GIVEN INFORMATION Block Start
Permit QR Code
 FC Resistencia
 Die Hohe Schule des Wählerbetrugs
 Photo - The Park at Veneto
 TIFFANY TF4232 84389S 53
GIVEN INFORMATION Block End
Every line from above should appear again in the answer, exactly as written.

* [SOLVED PROBLEM]:
Permit QR Code
 FC Resistencia
 Die Hohe Schule des Wählerbetrugs
 Photo - The Park at Veneto
 TIFFANY TF4232 84389S 53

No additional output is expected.